* YOUR ASSIGNMENT: Return each line exactly as written. Begin with the first line of the entries and end with the line that has "DESIGN tracksuit oversized".

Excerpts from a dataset
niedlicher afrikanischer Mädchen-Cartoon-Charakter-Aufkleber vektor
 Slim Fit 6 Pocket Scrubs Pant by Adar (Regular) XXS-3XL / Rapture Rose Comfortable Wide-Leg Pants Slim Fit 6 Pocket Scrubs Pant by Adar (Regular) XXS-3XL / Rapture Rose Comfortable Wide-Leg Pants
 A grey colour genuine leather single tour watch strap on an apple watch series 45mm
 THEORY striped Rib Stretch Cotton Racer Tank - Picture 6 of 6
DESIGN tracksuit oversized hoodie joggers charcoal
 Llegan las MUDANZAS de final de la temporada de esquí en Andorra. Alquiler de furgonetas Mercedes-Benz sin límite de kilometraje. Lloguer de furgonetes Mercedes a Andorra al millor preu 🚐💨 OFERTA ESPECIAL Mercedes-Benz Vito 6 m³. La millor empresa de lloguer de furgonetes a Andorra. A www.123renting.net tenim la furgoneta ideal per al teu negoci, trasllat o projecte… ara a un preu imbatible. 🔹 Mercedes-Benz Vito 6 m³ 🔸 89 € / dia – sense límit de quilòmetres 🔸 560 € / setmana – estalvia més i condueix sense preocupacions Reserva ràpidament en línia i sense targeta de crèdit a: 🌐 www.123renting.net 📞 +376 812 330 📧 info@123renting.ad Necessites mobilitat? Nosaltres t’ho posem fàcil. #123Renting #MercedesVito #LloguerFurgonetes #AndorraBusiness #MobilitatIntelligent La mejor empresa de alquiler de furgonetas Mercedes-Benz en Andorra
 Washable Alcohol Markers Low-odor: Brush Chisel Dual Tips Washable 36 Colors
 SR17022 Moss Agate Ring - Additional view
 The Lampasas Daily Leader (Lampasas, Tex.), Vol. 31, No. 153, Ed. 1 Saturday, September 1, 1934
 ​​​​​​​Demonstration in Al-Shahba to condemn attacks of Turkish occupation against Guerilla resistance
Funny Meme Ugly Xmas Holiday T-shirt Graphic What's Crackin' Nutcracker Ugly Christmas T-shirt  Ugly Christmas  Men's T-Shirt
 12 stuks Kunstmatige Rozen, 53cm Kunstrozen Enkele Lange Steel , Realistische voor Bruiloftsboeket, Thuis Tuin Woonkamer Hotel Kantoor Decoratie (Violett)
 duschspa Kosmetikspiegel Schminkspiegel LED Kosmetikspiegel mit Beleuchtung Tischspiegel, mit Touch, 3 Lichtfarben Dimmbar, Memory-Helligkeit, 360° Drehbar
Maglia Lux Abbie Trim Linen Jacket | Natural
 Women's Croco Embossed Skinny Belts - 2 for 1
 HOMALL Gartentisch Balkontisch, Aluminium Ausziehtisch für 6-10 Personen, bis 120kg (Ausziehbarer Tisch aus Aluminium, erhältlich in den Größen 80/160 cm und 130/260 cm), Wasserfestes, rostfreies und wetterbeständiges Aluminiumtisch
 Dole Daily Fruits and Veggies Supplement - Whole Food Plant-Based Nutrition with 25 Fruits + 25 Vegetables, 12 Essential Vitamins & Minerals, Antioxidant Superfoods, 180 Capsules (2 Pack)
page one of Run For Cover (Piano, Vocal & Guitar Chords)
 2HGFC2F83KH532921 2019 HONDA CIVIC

* RESULT OF THIS EXERCISE:
niedlicher afrikanischer Mädchen-Cartoon-Charakter-Aufkleber vektor
 Slim Fit 6 Pocket Scrubs Pant by Adar (Regular) XXS-3XL / Rapture Rose Comfortable Wide-Leg Pants Slim Fit 6 Pocket Scrubs Pant by Adar (Regular) XXS-3XL / Rapture Rose Comfortable Wide-Leg Pants
 A grey colour genuine leather single tour watch strap on an apple watch series 45mm
 THEORY striped Rib Stretch Cotton Racer Tank - Picture 6 of 6
DESIGN tracksuit oversized hoodie joggers charcoal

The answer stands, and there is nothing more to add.